Write out the data below exactly as given, without any of its pictures.
── Supplied material
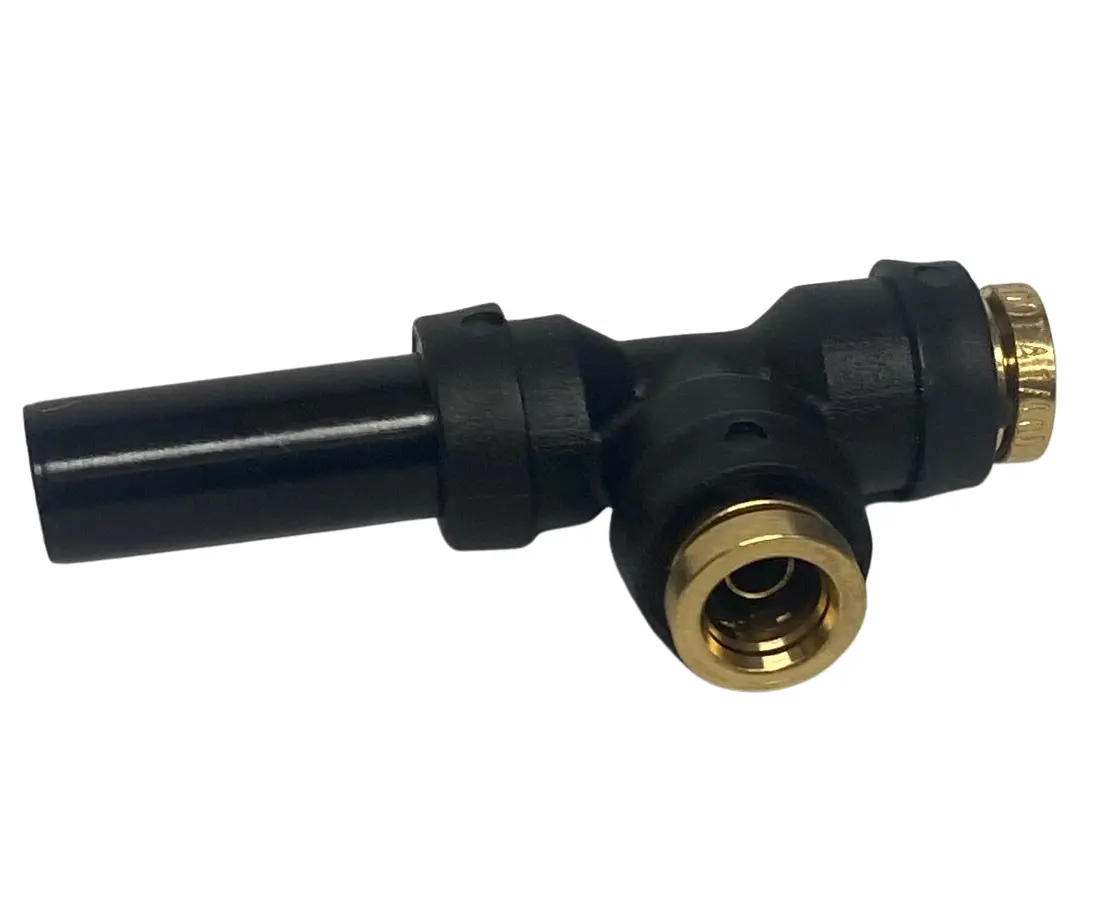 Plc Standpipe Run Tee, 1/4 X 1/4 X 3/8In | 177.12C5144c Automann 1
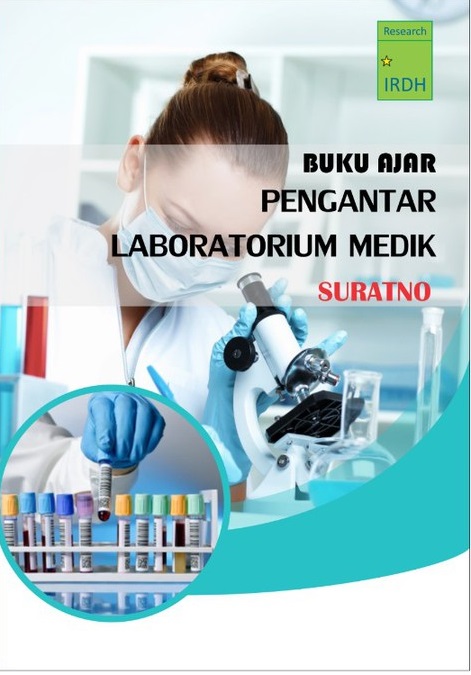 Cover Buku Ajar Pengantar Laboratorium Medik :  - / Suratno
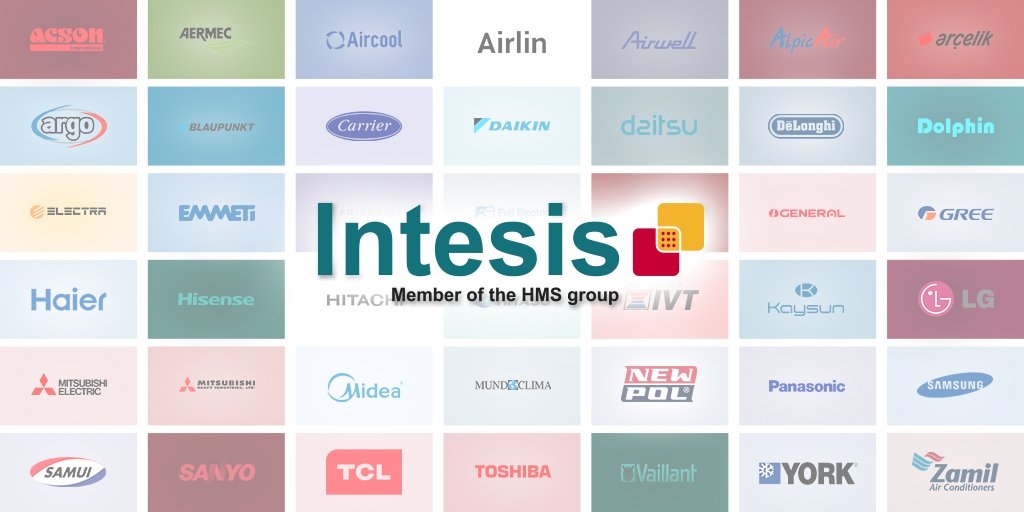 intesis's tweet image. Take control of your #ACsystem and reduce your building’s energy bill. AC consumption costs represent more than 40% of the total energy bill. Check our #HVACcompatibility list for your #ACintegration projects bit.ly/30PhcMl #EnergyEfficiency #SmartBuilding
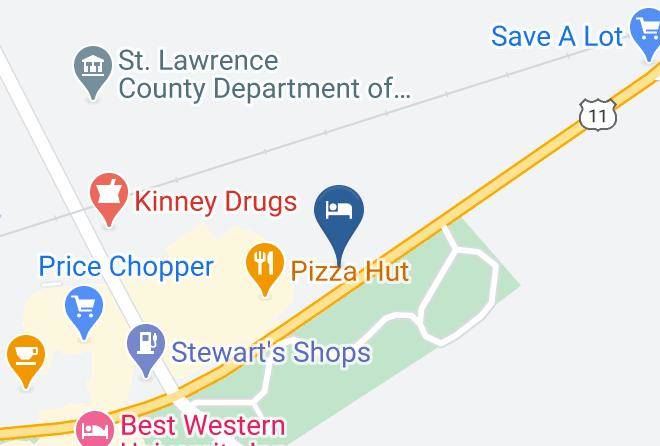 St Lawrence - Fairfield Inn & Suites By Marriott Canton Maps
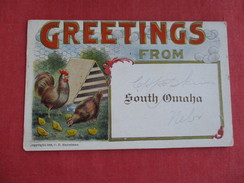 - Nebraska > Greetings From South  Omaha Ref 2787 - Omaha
────
Result ▸
 Plc Standpipe Run Tee, 1/4 X 1/4 X 3/8In | 177.12C5144c Automann 1
 Cover Buku Ajar Pengantar Laboratorium Medik :  - / Suratno
 intesis's tweet image. Take control of your #ACsystem and reduce your building’s energy bill. AC consumption costs represent more than 40% of the total energy bill. Check our #HVACcompatibility list for your #ACintegration projects bit.ly/30PhcMl #EnergyEfficiency #SmartBuilding
 St Lawrence - Fairfield Inn & Suites By Marriott Canton Maps
 - Nebraska > Greetings From South  Omaha Ref 2787 - Omaha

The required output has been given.